The radiator gurgled noisily, interrupting his chain of thought, but at least it meant heat was moving around the building, which meant someone was paying bills. Marcus wasn’t. Marcus was accumulating a drawerful of red letters: final demands for electricity and gas. Cassie was talking about taking the kids, going to her mother’s “for a bit,” and that was even without knowing about the unpaid bills—her repossessed car had been the final straw.

“You said you’d got it under control.”

His gambling, she meant.

“You said you’d drawn a line, walked away. No more money down the drain. You promised, Marcus.”

And he’d meant it, too, but how did you stop money disappearing once it had decided to go? It was even less responsive to persuasion than Cassie.

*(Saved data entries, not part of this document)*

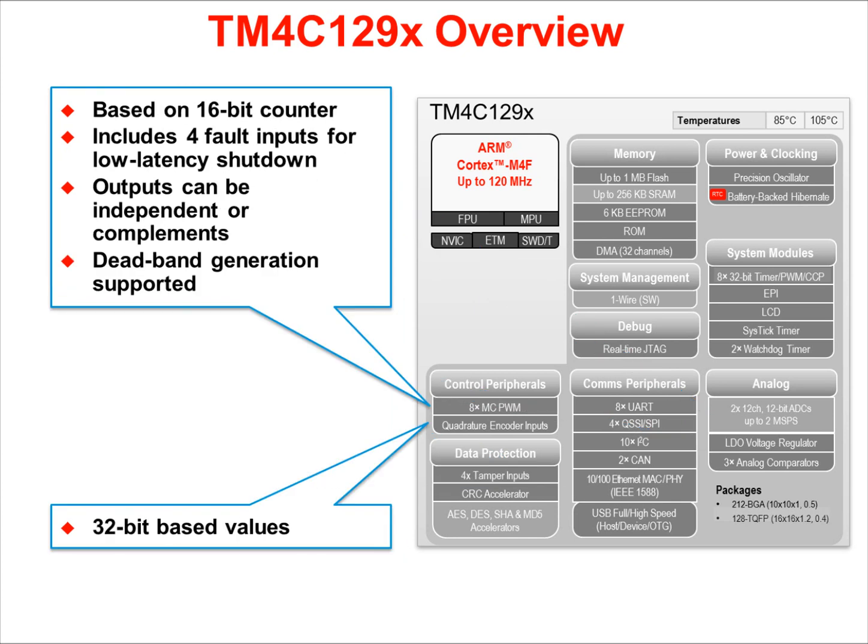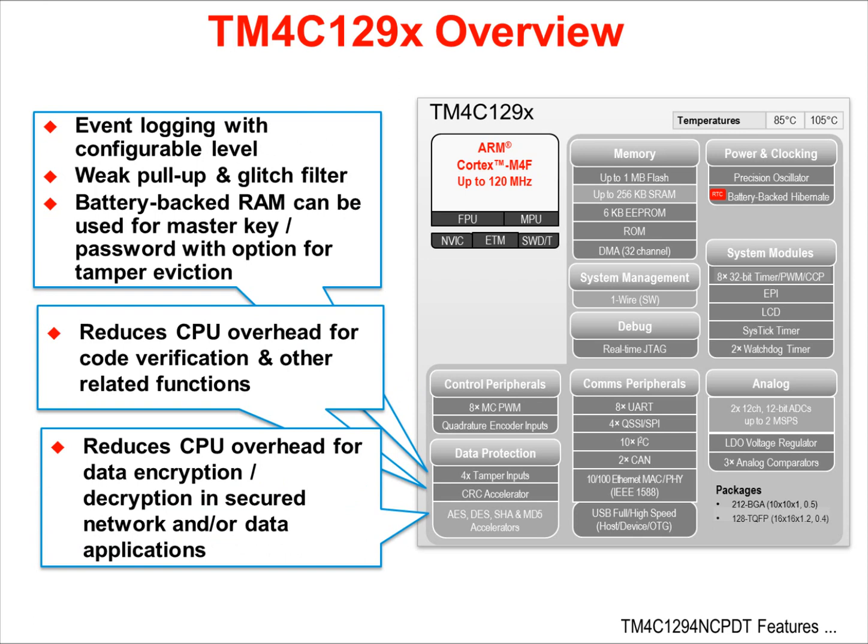The Ethernet module supports magic packet and wake-up frames. The PWM module uses a 16-bit counter with 4 load latency fault inputs for quick shutdown. Outputs can be independent or complementary pairs, and deadband generation is supported. Quadrature encoder inputs use 32-bit values for position and velocity. Four tamper inputs are included, providing configurable tamper event logging with weak pull-ups and glitch filters. The module's battery-backed RAM can be used for master keys or passwords with an option for tamper eviction. CRC and encryption accelerators reduce CPU overhead.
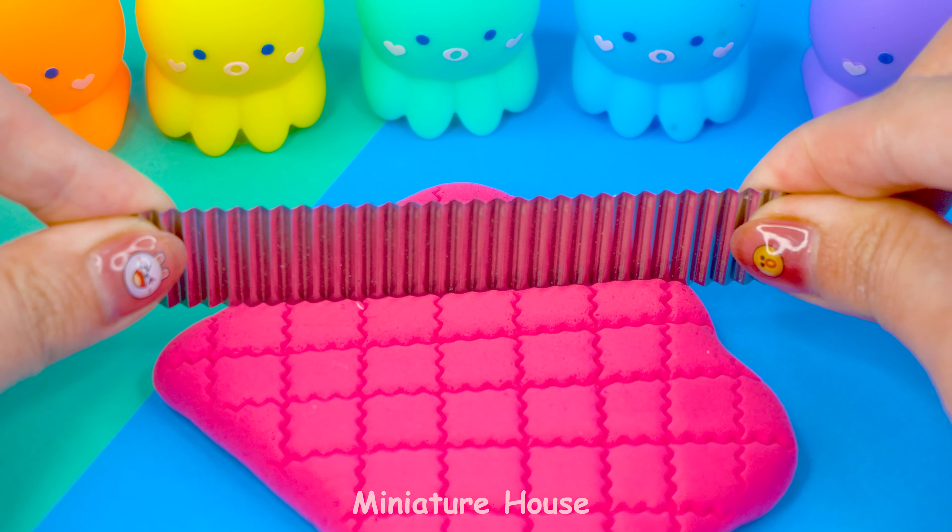Cover the cardboard with a layer of purple clay. One ear, two ears. Eyes. Nose and mouth. Okay! A really big Catnap statue.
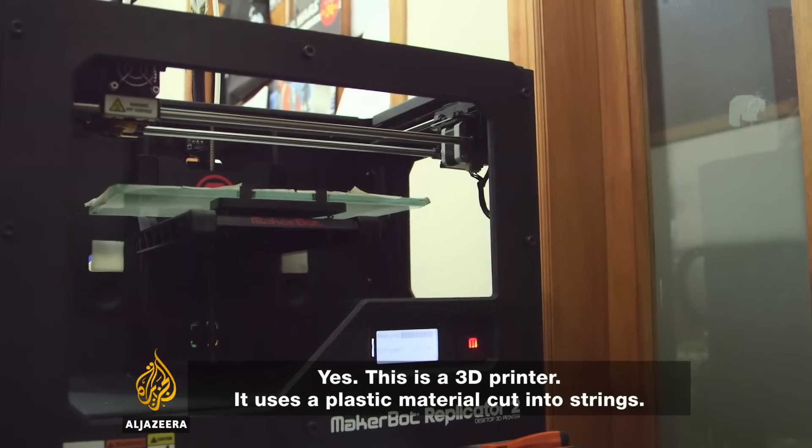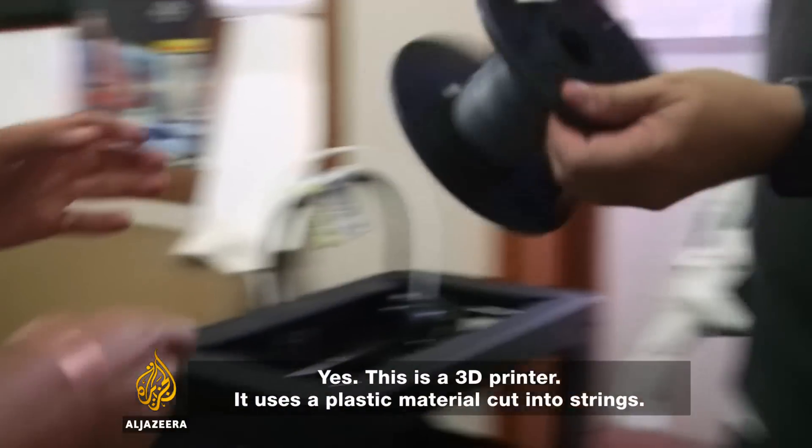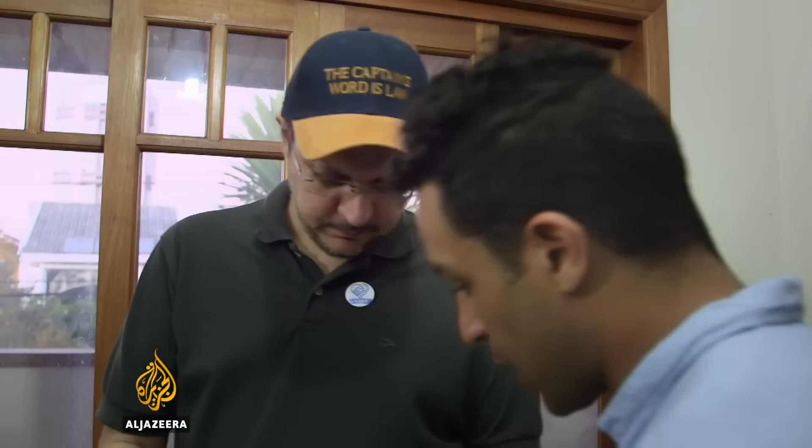And this is a 3D printer. It uses plastic in a wire format.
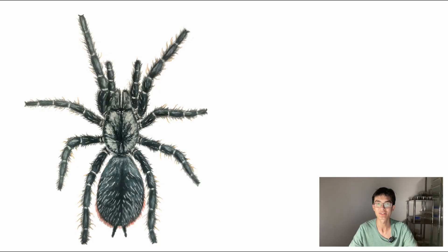Hello everyone and welcome back to another video. A new species of tarantula has recently been discovered, and that is what this video is going to be all about — as you probably gathered from the title. So without further ado, let's get started.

He thought: I’ve turned into one of those men worth more dead than alive. More of us than you’d think. It’s not just the Jihadi Johns out there in the scrublands, living off camel meat and sleeping in holes but with a million-dollar price tag on their heads: it’s the rest of us too. Us poor working saps in debt to our eyeballs, a never-ending mortgage, and bills papering the walls; barely enough spare cash for a cup of coffee, but shouldering game-changing amounts of life insurance. I could keel over right here right now, and the death-in-service payout would solve all my problems. The house would be free and clear; money left over to see the kids through university. Best thing all round, except for being dead. But that’s going to happen sooner or later, so why not here at my desk? . . . He should raise that as a joke with Cassie, except she might not laugh. And no amount of Kevlar offered protection from a woman’s disappointment.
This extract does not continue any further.